As the head of the International Monetary Fund, Christine Lagarde, warned that inequality, distrust and a lack of hope were fuelling growing populism, she has called for urgent action to tackle a middle-class crisis.
She had been ignored when she had first highlighted the dangers of rising inequality four years ago, said Lagarde while speaking at the World Economic Forum in Davos. “I hope people will listen now,” she said.
Showing that eight billionaires won the same amount of wealth as the poorest half of the world’s population – 3.6 billion people, the gulf between rich and poor was evident from an Oxfam repport, Lagarde said.
“With lower growth, more inequality and much more transparency, you have the good ingredients for a crisis of the middle classes in the advanced economies,” she said.
The answers lay in a mix of policies designed to stimulate activity and ensure the fruits of growth were more evenly spread and not for countries to turn their back on globalization, Lagarde added.
“Policymakers need to get the signal now, and really think about how to address the public discontent. It [the policy response] needs to be granular, it needs to be regional, it needs to be focused on what will people get out of it. It probably includes more redistribution than we have in place at the moment.”
The outgoing US vice-president also shared the view of Lagarde that the middle class (the term used to describe working people in the US) was in crisis.
Globalisation and new technology were in effect “hollowing out the middle class, the traditional engine of economic growth and social stability in western nations”, Joe Biden said.

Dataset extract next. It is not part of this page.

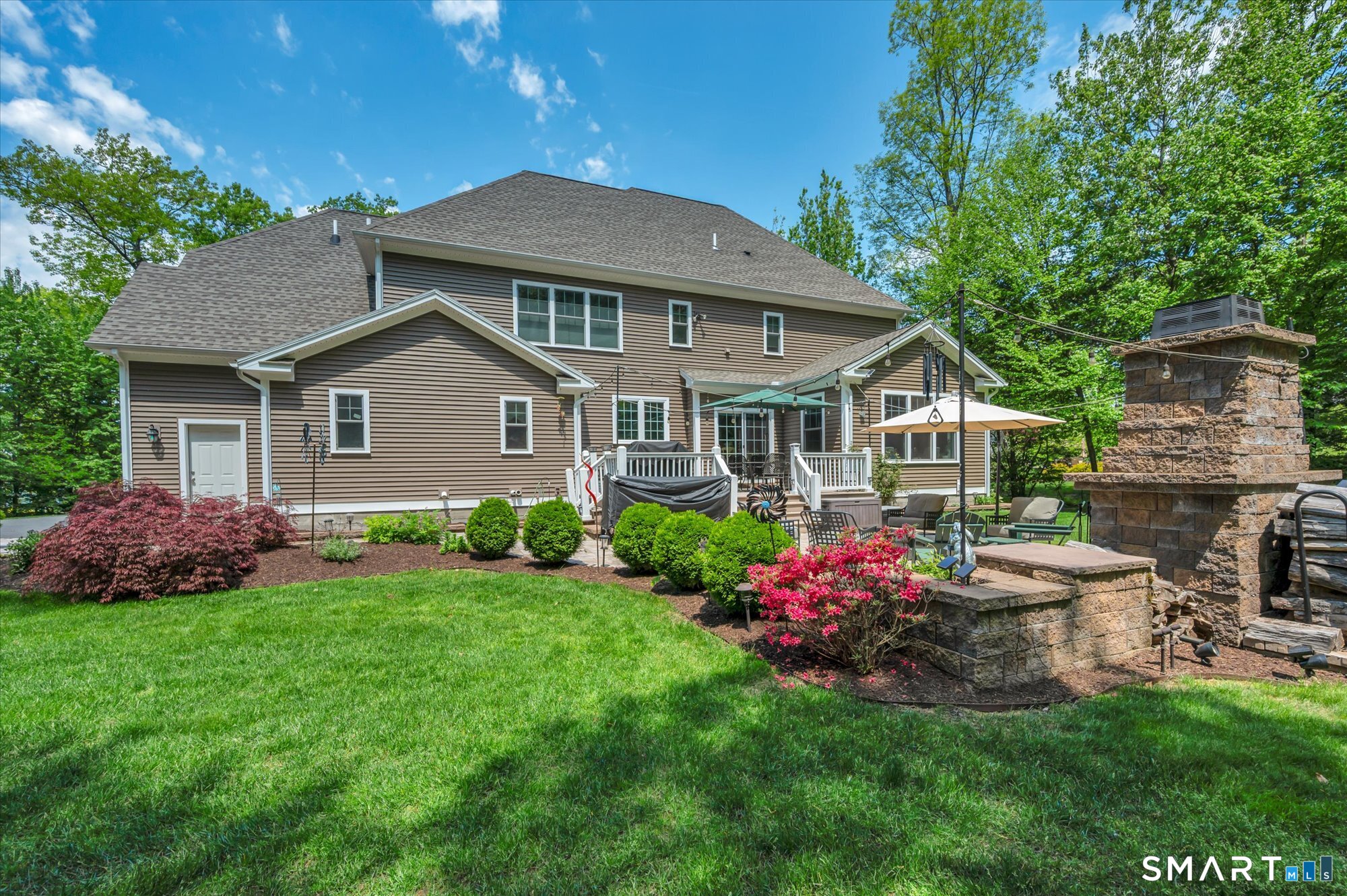 16 Sweetheart Mountain Road Canton, CT 06019 - Photo 36 of 40 a front view of a house with garden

He added: “We cannot undo the changes that technology has wrought in our world, nor should we try. But we can and we must take action to mitigate the economic trends that are stoking unrest in so many advanced economies and undermining people’s basic sense of dignity.”
The top 1% was not “pulling its weight” and urged that income tax be made more progressive, Biden said addressing his audience directly.
Questions about whether concern over income inequality really explained the crisis in the middle classes was raised by Larry Summers, the Harvard professor and former US Treasury secretary under Bill Clinton. “The US has just elected the world’s biggest example of conspicuous consumption. That is a bizarre manifestation of a concern over inequality.”
In addition to the election of Donald Trump as US president represent, concerns that the results of referendums in the UK and Italy together pose a retreat from globalisation into nationalism and protectionism have dominated this year’s Davos.
Summers suggested that the surge of populism was due to issues such as “national unity and strength”, not just envy over wealth and said many voters thought “too much is being done for the poor, rather than that too little is being done for the poor”.
Governments weren’t working for them is the feeling among the middle-class voters, he added. “They feel the governments are fighting for people in developing countries, for people who have recently come into their countries, for minority groups who used to suffer discrimination, but not the people “in the centre of the country”.
He added: “They feel they are not being heard, and they’ve expressed that in the Brexit vote, the Italian referendum and in the US election.”